Far left: “First Collapsible Construction “,1965, suitcase, wood, cloth and plastic 30 x 16 x 6 inches; far right: Tony May and Lonny Tomono, “T. Tree House”, 1999-2009 wood, nylon screen and metal hardware, 6 x 9 x 9 feet
 

In the late 19th century, when Impressionism first rocked Europe, it did so, in part by inaugurating the widespread use of vernacular subject matter.  It gave artists permission to paint common people, as opposed to royalty or religious subjects.  Pop, which emerged almost a century later, extended the practice by permitting the depiction of banality in the form of consumer goods and comics.  More recently, with banal images of every sort permeating theory-driven conceptual art, a realm where ideas routinely trump material invention, one can’t help but wonder: can visual art survive on a starvation diet, of theory alone?  More to the point: should it?

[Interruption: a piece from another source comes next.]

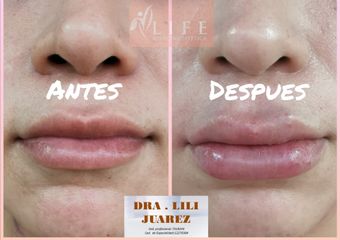 Aumento de labios - Dra. Zuleyma Lili Juarez Gutierrez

Over the past few years, Cathy Kimball, director and chief curator of the San Jose Institute of Contemporary Art, has mounted a series of contrarian exhibitions that would appear to answer both questions with a resounding no.  The ICA has presented one show after another of conceptualists who also happen to be master craftsman: that is, artists who are as adept at generating provocative ideas as they are at building objects that embody them.  Chief among these practitioners is Tony May, whose highly anticipated 45-year retrospective, Tony May: Old Technology, runs through February 26.   If you haven’t heard of Tony May, there’s a reason.  From 1969 to 2005 he taught at San Jose State, and his career as an instructor largely overshadowed his prolific and variegated output as a painter, sculptor and maker of suitcase-based contraptions and room-sized architectural fantasies. 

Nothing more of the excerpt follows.